Sharp at 10.30 I was seated behind the table trying to look
both solemn and important when crash, bang “Prisner’nescort
quick march, mark time, halt” and the room was quickly
filled by the Depot Provost Sergeant, several burly RPs with
E----e sandwiched between them. Off we went with charge 1 “Lance
Corporal xxxx?” “Sir, he was improperly dressed,
Sir” and so on, although the thought of the small E----e
taking on the RPs and “Striking an NCO” was pretty
rich as he would have bounced off them!

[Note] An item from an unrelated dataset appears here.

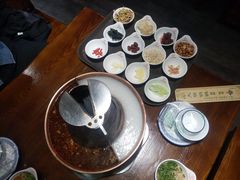 -大明铜锅·烤涮坊·烧烤(新开路店)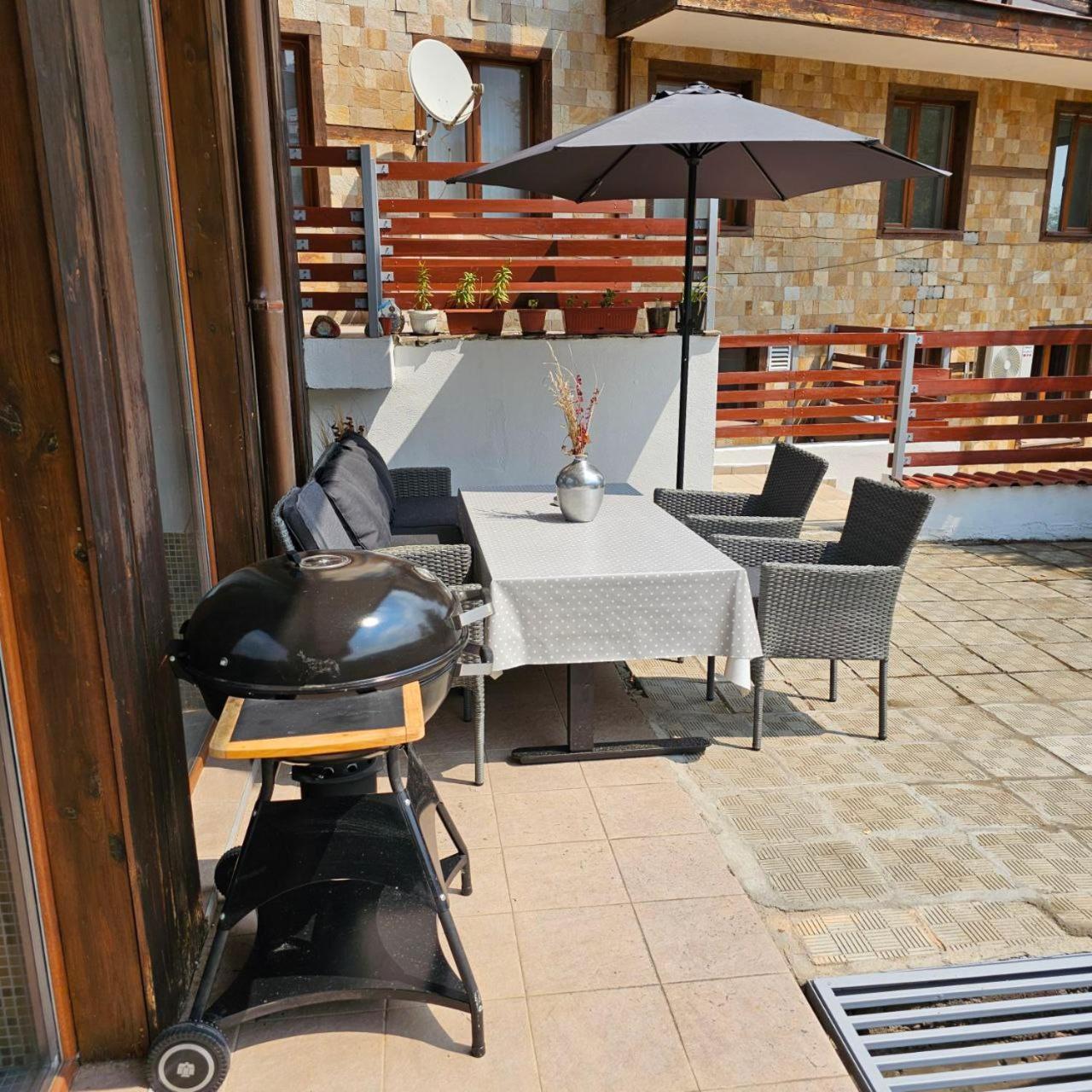 Pirin Heights A-21 Близо До Ски Пистата Bansko Exterior foto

However it was a serious
charge and he had undoubtedly taken a swing at them so there
was really no alternative, bearing in mind that in my rank all
I could do was admonish or a maximum of three days ‘jankers’,
to remand to the Commanding Officer, being sure that Col. Leather
would be pretty lenient, given the circumstances and with me
to give a bit of support, and would be in a far better position
to square up the RPs. for going over the top.
But before that we had to deal with charge 8 and this was when
I realised that they really were pushing it and, when I read
it out and spotted the RPs trying hard not to grin, I realised
my moment had come to strike back and at least discomfort the
Depot Provost Sergeant.
“Using obscene language – Charging officer Sergeant
“Sir. He used obscene language, Sir”
“What did he say?” Stifled smirks from his staff.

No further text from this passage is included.